Three-dimensional printing makes it possible to reproduce australopith bones that no longer exist, having been lost to decay millennia ago. But what about the bones of species that paleontologists have never uncovered? The study of human evolution relies on the fossil record, but the vast majority of ancient skulls and bones faded into dust rather than becoming fossilized for posterity. Digital modeling can raise them—or at least their facsimiles—from the ashes.
Of course, digital modeling alone is not sufficient: Other tools come into play. Perhaps the most important is the use of an evolutionary tree, a type of "family tree" for species. The primate evolutionary tree stretches back about 65 million years—but how exactly did researchers reconstruct it? To understand an this tree, it helps to start with a simple family tree.

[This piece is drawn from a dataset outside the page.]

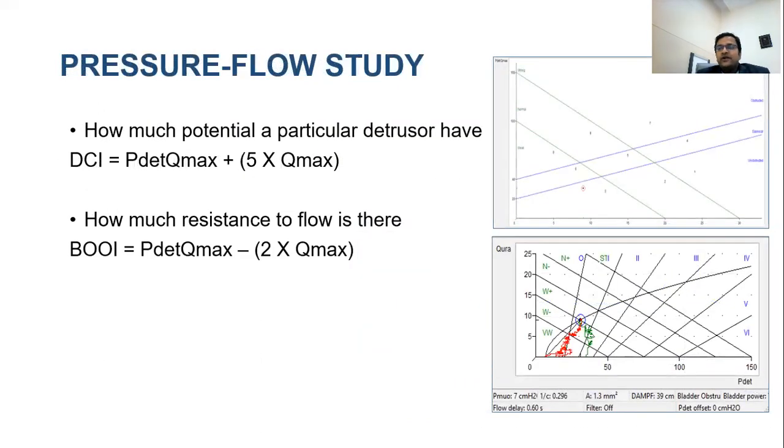Coming to the voiding phase: in patients who are self-voiding, the active voiding phase assessment looks at two components — essentially finding the relationship between pressure and flow. We should know how much potential a particular detrusor has: is the detrusor contracting strongly enough for the patient to pass urine to completion, with or without obstruction?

Children's DNA comes directly from their parents, and because siblings share the same DNA source, their genes are very similar. Their maternal grandparents contributed to their DNA through their mother, and to their cousin Bob's DNA via their aunt. Because they share a common DNA source with Bob, their DNA will also be similar—but not as similar as that shared by the siblings, because the DNA source that Bob and his cousins have in common is one generation further away than the DNA source that the siblings share. In general, the more generational (or geologic, in the reference of evolution) time that separates cousins from a common ancestor, the more differences will be seen in their DNA. The offspring of one of the siblings and Bob's child would be second cousins, one generation further removed from the common source of DNA, and so they would be even less closely related to each other.
Researchers can use this genetic information when they look at the DNA sequences of modern primates. For example, the DNA of humans and that of chimpanzees is more similar than that of humans and gorillas. Relatively speaking, if humans and chimps are first cousins, then gorillas are our second cousins. Applying the family tree insight, this distinction indicates that humans and chimps share a grandparent, whereas humans, chimps and gorillas have the same great-grandparent. The last common ancestor of humans and chimps lived more recently than the last common ancestor of humans, chimps and gorillas.
Comparing the DNA of different primates thus allows scientists to visualize the course of primate evolution. Orangutan DNA differs even more from human DNA, indicating that the last common ancestor of orangutans and humans lived even longer ago than the last common ancestor of humans and gorillas. As the DNA of more and more species is compared, a tree emerges. But DNA is not the only method of comparing species.
"Morphometrics" is the study of an organism’s form, and Delson specializes in a subfield called geometric morphometrics to describe his specimens. This method records certain "landmark" coordinates on a skull's surface, creating a three-dimensional frame that encodes information about the skull's shape and size. By comparing the 3-D frames of various species and specimens, Delson and his colleagues can quantify how closely related they are.